Directions
Below are records; please set down exactly the lines from the first through the one containing "vidaXL Boxspringbett Creme".

Data excerpts
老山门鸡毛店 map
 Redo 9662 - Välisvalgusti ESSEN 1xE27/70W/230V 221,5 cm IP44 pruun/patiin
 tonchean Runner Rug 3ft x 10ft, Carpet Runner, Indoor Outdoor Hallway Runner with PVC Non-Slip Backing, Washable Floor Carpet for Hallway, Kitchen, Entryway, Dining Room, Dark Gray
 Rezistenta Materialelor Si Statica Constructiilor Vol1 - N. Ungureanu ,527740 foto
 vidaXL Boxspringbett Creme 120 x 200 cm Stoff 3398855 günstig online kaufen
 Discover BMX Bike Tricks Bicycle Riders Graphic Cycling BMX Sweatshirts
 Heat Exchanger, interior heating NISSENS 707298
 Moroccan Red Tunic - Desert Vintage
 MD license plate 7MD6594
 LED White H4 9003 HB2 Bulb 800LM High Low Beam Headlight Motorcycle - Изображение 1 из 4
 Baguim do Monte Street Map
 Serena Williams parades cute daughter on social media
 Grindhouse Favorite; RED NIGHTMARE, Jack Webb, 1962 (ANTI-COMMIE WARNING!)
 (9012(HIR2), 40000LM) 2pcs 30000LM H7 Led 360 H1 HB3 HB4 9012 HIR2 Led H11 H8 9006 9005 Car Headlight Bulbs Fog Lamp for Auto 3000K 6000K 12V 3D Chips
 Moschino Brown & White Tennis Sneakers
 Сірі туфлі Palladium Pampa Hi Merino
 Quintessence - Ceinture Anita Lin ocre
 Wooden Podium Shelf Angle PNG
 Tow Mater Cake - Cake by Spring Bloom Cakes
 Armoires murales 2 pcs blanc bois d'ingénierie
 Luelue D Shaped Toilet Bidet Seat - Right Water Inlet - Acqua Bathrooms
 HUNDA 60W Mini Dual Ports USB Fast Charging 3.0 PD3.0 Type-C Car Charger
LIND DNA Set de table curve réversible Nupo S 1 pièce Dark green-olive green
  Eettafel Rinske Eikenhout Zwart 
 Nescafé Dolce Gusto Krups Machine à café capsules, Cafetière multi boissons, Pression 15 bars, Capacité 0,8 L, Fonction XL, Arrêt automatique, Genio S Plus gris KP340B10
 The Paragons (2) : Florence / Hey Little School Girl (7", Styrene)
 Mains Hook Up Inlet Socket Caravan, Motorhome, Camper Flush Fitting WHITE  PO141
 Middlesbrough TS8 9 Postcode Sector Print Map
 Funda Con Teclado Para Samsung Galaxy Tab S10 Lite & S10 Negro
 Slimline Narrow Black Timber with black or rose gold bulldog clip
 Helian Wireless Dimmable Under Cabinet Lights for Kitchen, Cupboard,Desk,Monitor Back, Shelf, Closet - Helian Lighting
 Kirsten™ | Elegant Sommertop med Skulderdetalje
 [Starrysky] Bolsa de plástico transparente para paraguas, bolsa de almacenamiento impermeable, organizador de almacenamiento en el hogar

Task output
老山门鸡毛店 map
 Redo 9662 - Välisvalgusti ESSEN 1xE27/70W/230V 221,5 cm IP44 pruun/patiin
 tonchean Runner Rug 3ft x 10ft, Carpet Runner, Indoor Outdoor Hallway Runner with PVC Non-Slip Backing, Washable Floor Carpet for Hallway, Kitchen, Entryway, Dining Room, Dark Gray
 Rezistenta Materialelor Si Statica Constructiilor Vol1 - N. Ungureanu ,527740 foto
 vidaXL Boxspringbett Creme 120 x 200 cm Stoff 3398855 günstig online kaufen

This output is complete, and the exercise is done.